ABOUT THIS TASK:
Make an exact copy of the listing so that no picture is carried over.

DATA SEGMENT:
──────
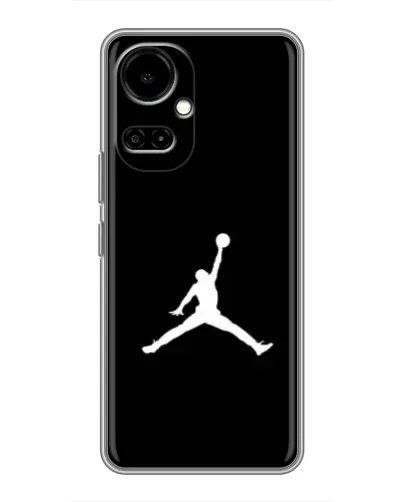 Чехол для TECNO Camon 19 (CI6n) / 19 Pro (CI8n) с картинкой «Jordan Silhouette»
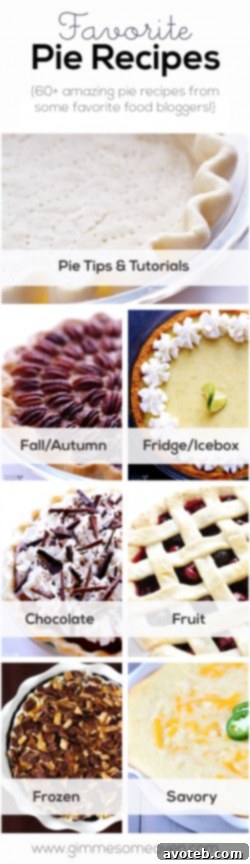 60+ Favorite Pie Recipes | gimmesomeoven.com 60+ Favorite Pie Recipes | Your ultimate guide to delicious pies, including fall, fruit, chocolate, savory, and frozen options.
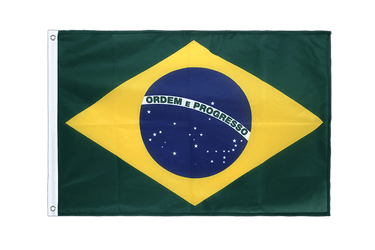 Brasilien Hissfahne - 60 x 90 cm VA Ösen PRO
──────
EXPECTED OUTPUT:
 Чехол для TECNO Camon 19 (CI6n) / 19 Pro (CI8n) с картинкой «Jordan Silhouette»
 60+ Favorite Pie Recipes | gimmesomeoven.com 60+ Favorite Pie Recipes | Your ultimate guide to delicious pies, including fall, fruit, chocolate, savory, and frozen options.
 Brasilien Hissfahne - 60 x 90 cm VA Ösen PRO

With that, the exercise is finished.